Dataset entries:
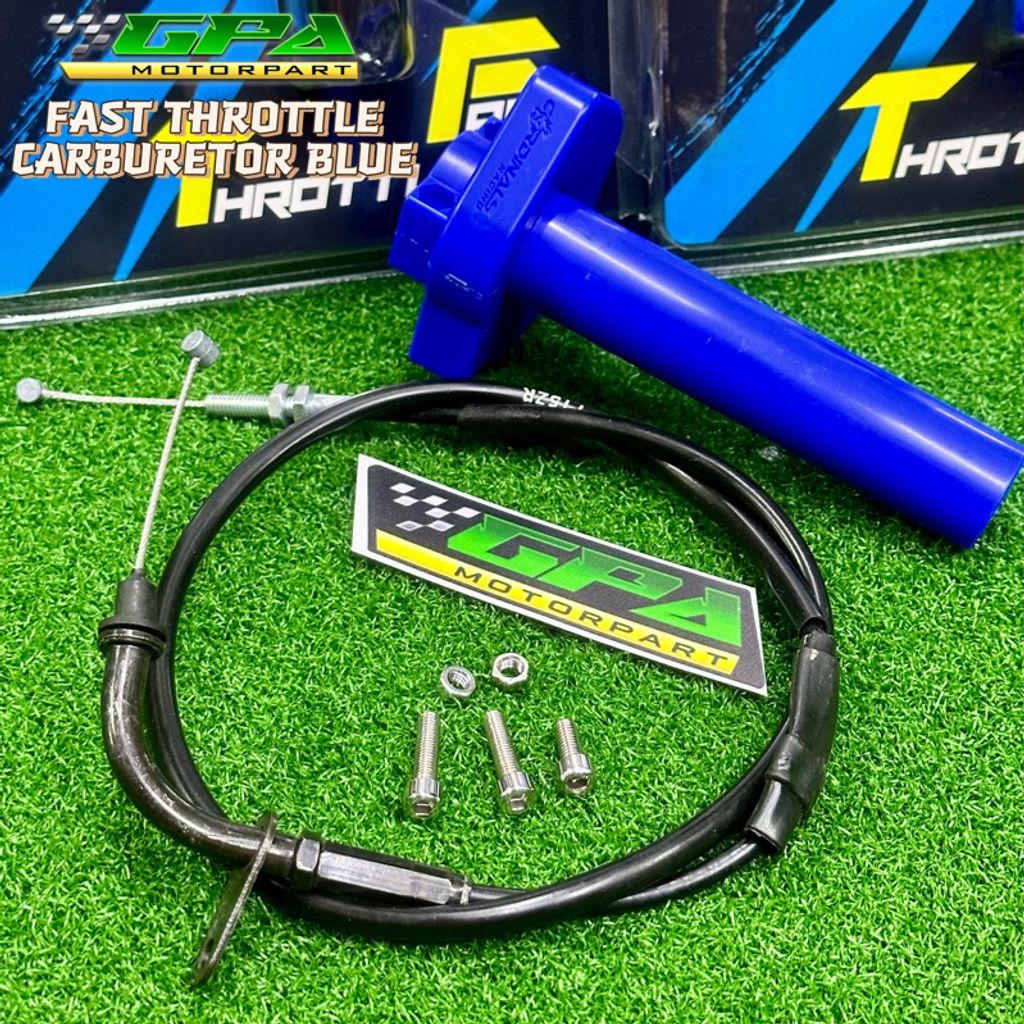 my-11134207-7r98r-lzd0u060ot49d7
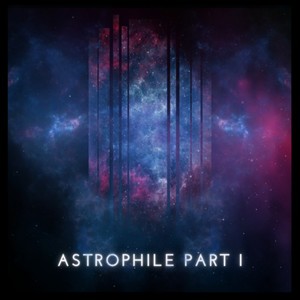 The Journey of Astrophile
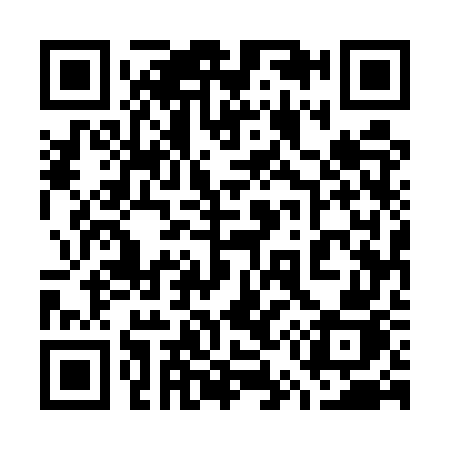QR code for 7555WJ
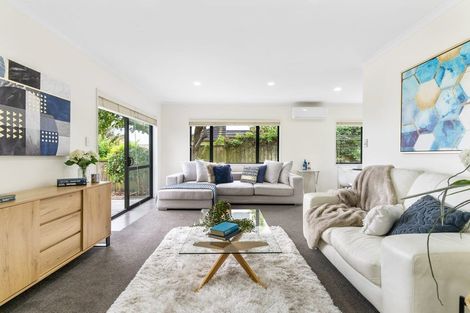 Photo of property in 2/22 Ardagh Place, Dannemora, Auckland, 2016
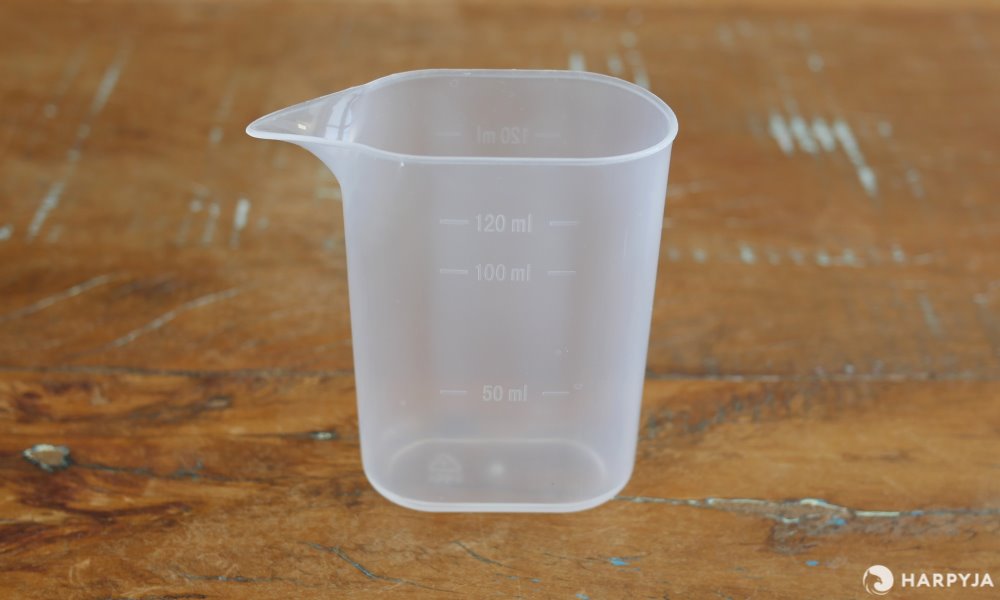 Black+Decker Freestyle AUP4 - Imagem 25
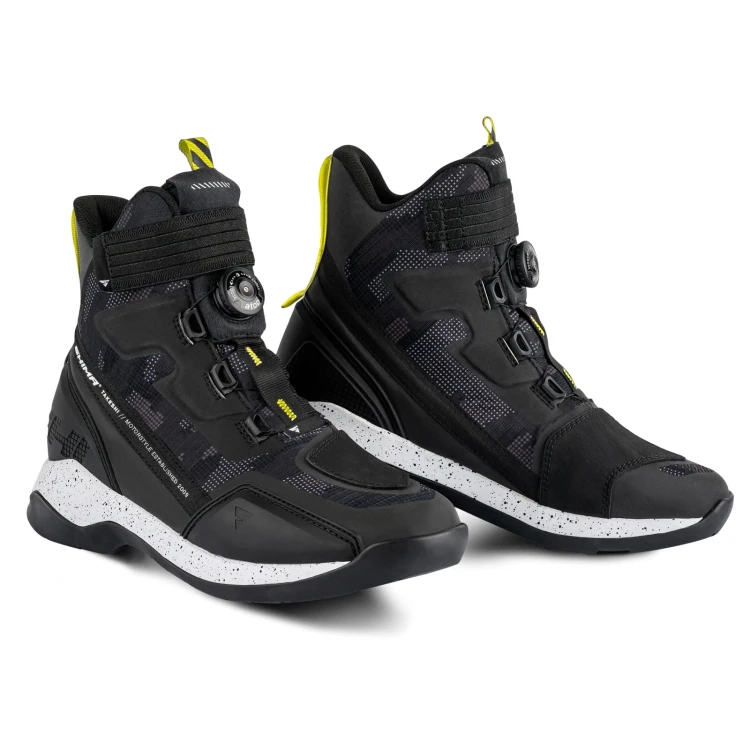 Buty Shima TAKESHI MEN Camo.jpg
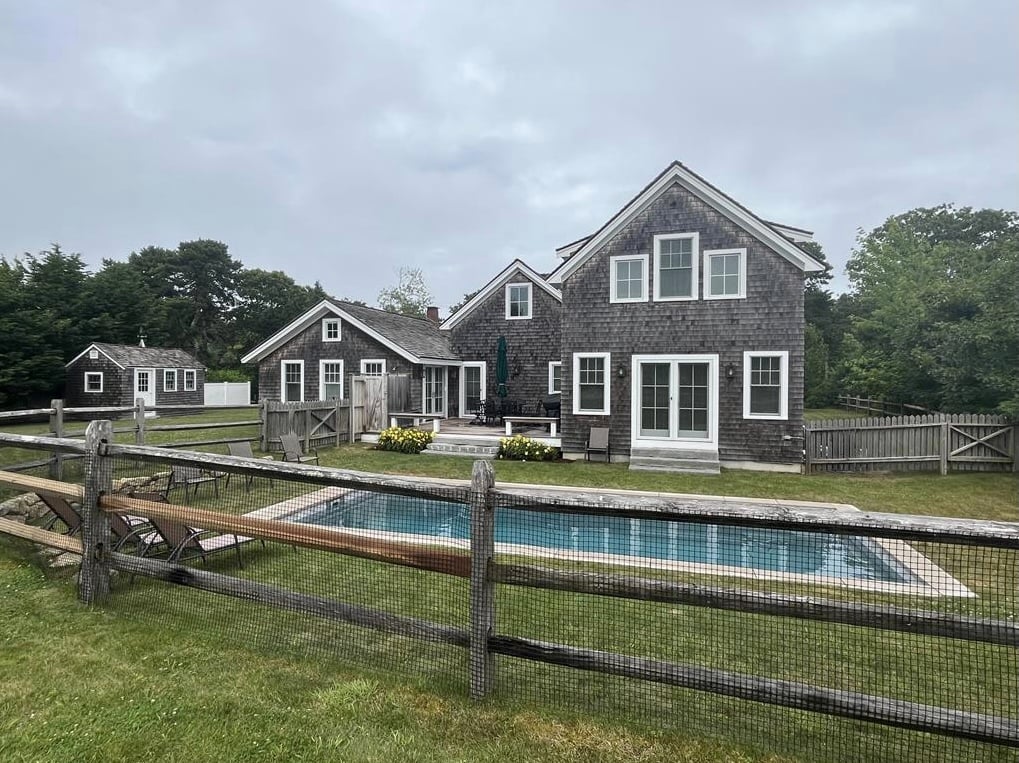 204 Katama Rd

Brief:
Write the entries out in full and exactly, omitting every picture.

Result of the exercise:
 my-11134207-7r98r-lzd0u060ot49d7
 The Journey of Astrophile
QR code for 7555WJ
 Photo of property in 2/22 Ardagh Place, Dannemora, Auckland, 2016
 Black+Decker Freestyle AUP4 - Imagem 25
 Buty Shima TAKESHI MEN Camo.jpg
 204 Katama Rd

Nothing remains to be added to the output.